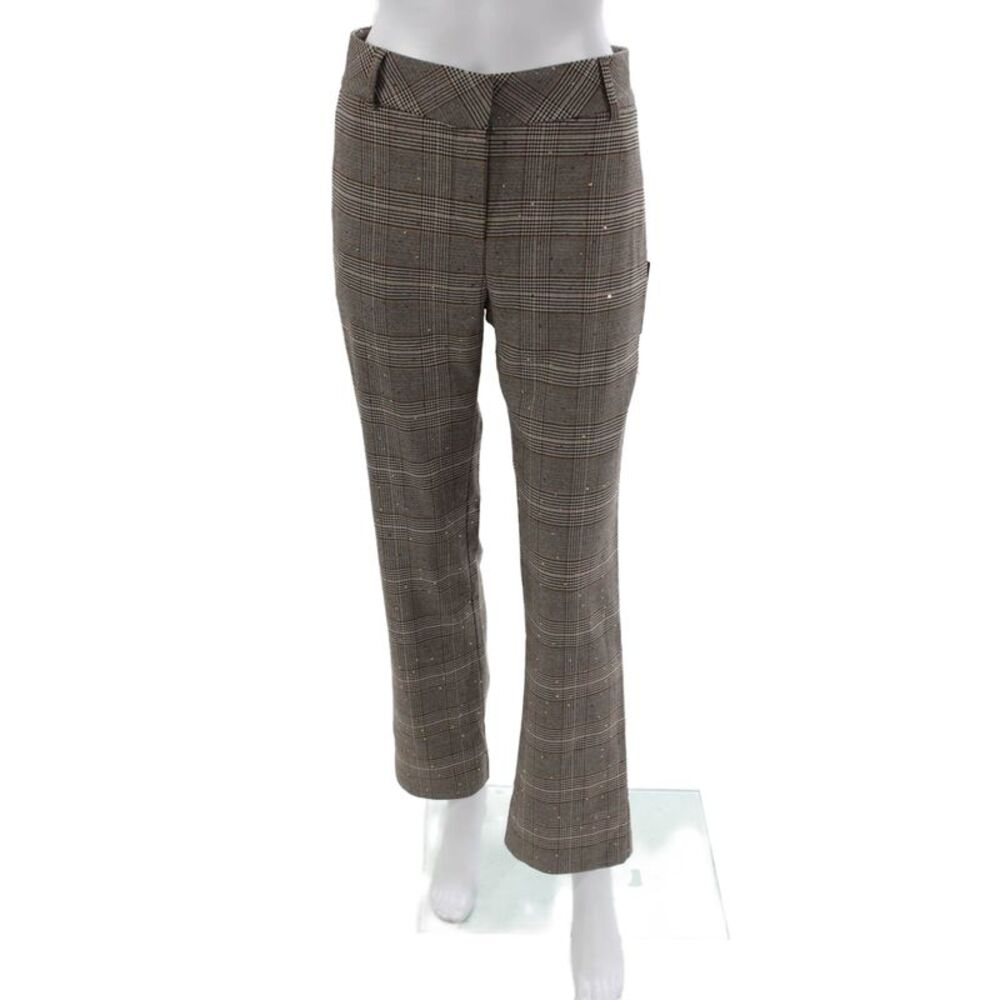 Theo Womens Cropped Plaid Pants Brown Zip Inseam 32 Size L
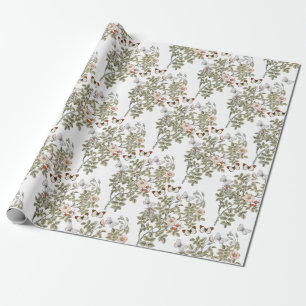 Rosa Wildrosen-Blüten-Schmetterling Floral Vintage Geschenkpapier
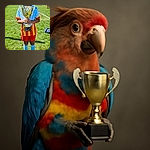 A joyful young soccer player proudly holds a shiny gold trophy on a sunny day at the soccer field, with vibrant green grass and a clear blue sky in the background. The child sports a colorful uniform with red and yellow stripes, blue socks, and black cleats, their windblown hair adding to the victorious spirit.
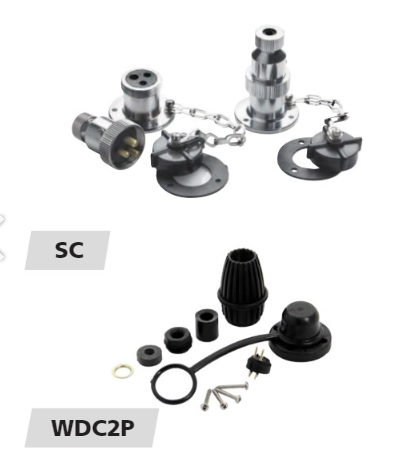 Vattentät däckskontakt typ SC och WDC2P
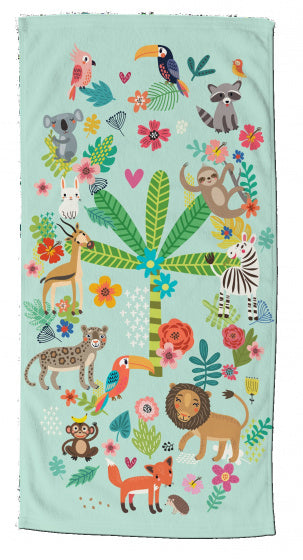 strandlaken Happy 75 x 150 cm velours groen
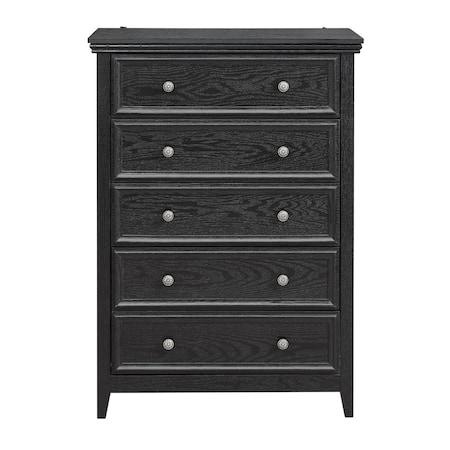 Homeroots 32" Black Wood Accent Cabinet With Five Drawers 716330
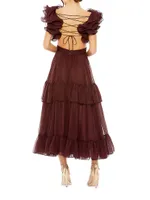 Ruffle Chiffon Midi-Dress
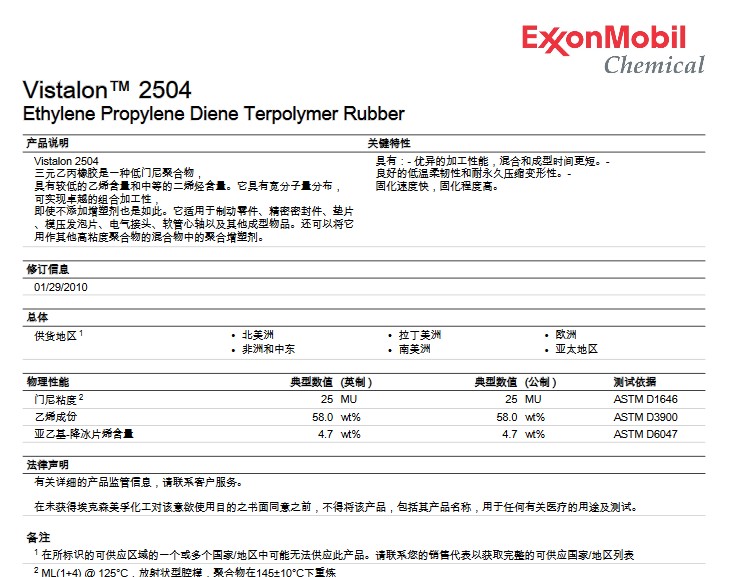 埃克森美浮 东莞 中山 江门  珠海 广州 广东 山东  三元乙丙橡胶 Vistalon 2504 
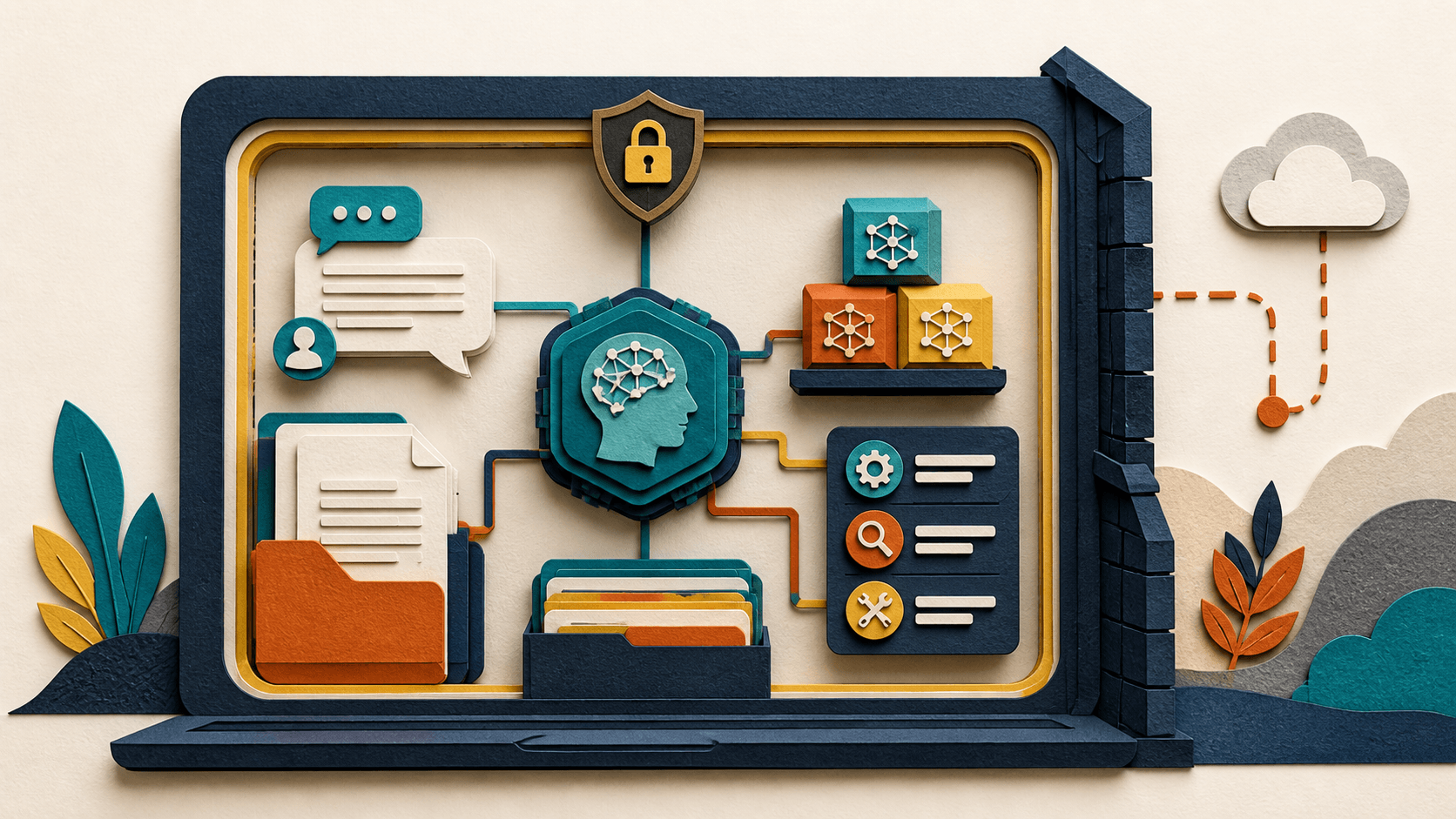 AnythingLLM Review 2026: Local AI, Cloud Pricing, Privacy, and Fit Paper-cut illustration of documents, AI models, and agent tools operating inside a protected local computer boundary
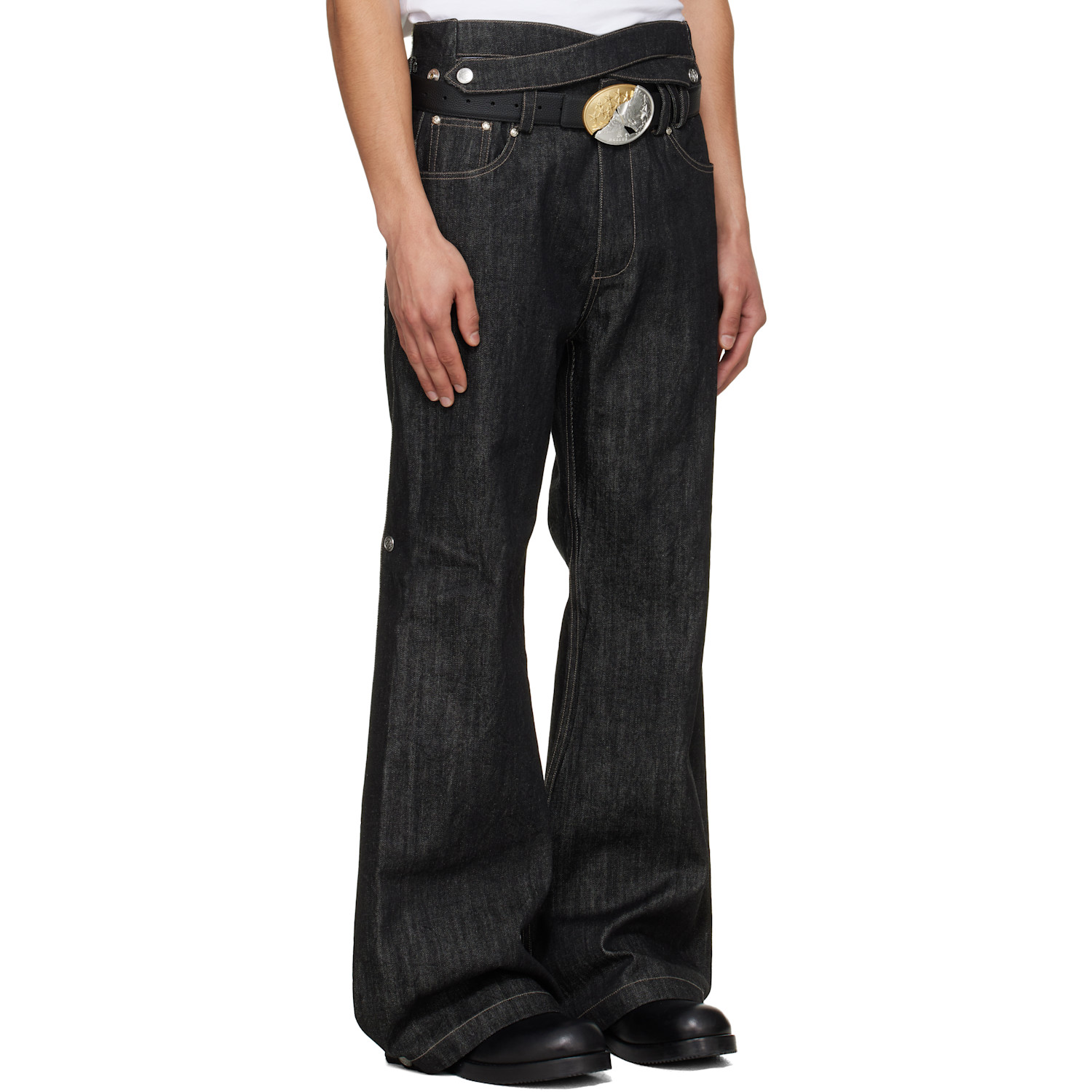  Nullus Black Whale Fin Snap-on Flared Jeans 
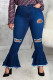 Dark Blue Sexy Solid Ripped Plus Size 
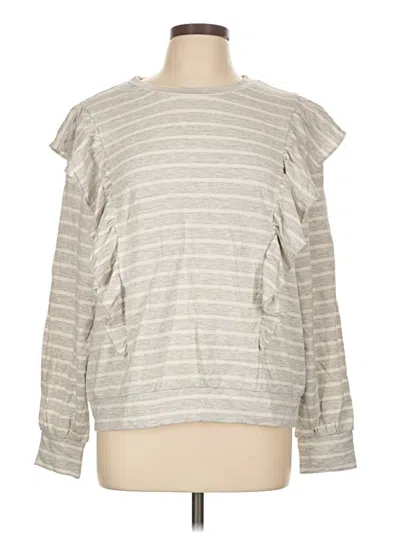Pre-owned Express Long Sleeve Top Gray Boatneck Tops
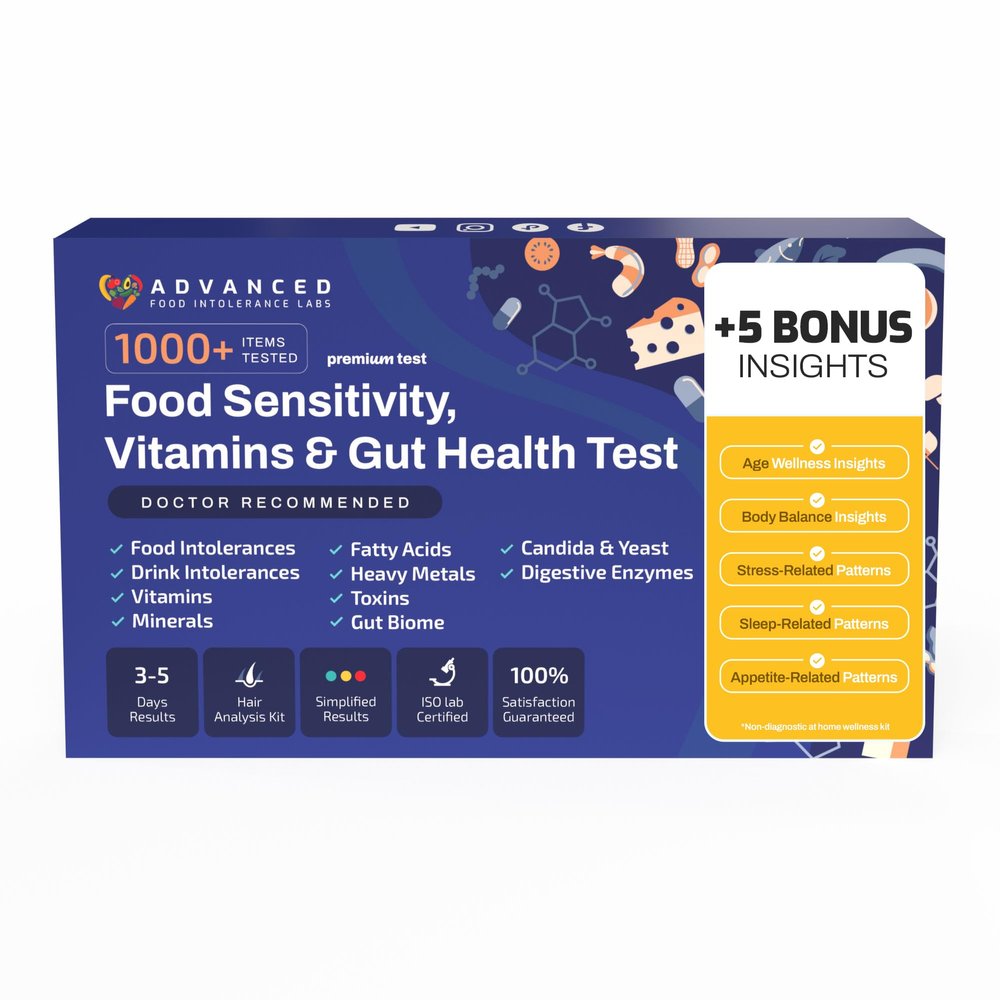 AFIL Food Sensitivity Test kit - 1000+ Foods, Drinks, Vitamins & Gut Health | At-Home Wellness Food Intolerance Test Kits for Adults & Kids - Non-Invasive Wellness Indicator | 1000+ Items Upgraded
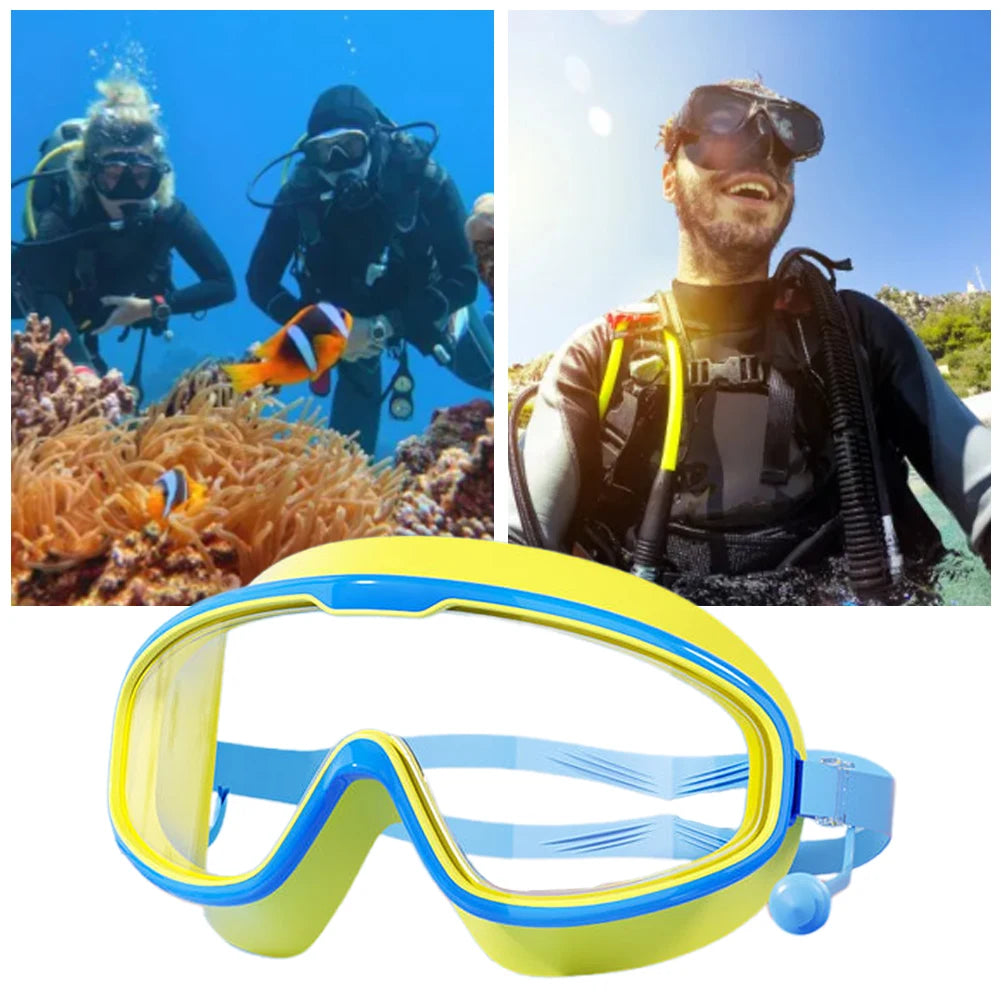 Kids Swim Goggles HD Swim Glasses with Earplugs/ UV Protection Swimming Goggles/ Large Frame Swim Sports Eyewear for Boys/ Girls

───

» Task brief
The answer is the lines above, word for word, from the first one through the one containing "Rosa Wildrosen-Blüten-Schmetterling Floral"; it includes no pictures.

» Output of the task
 Theo Womens Cropped Plaid Pants Brown Zip Inseam 32 Size L
 Rosa Wildrosen-Blüten-Schmetterling Floral Vintage Geschenkpapier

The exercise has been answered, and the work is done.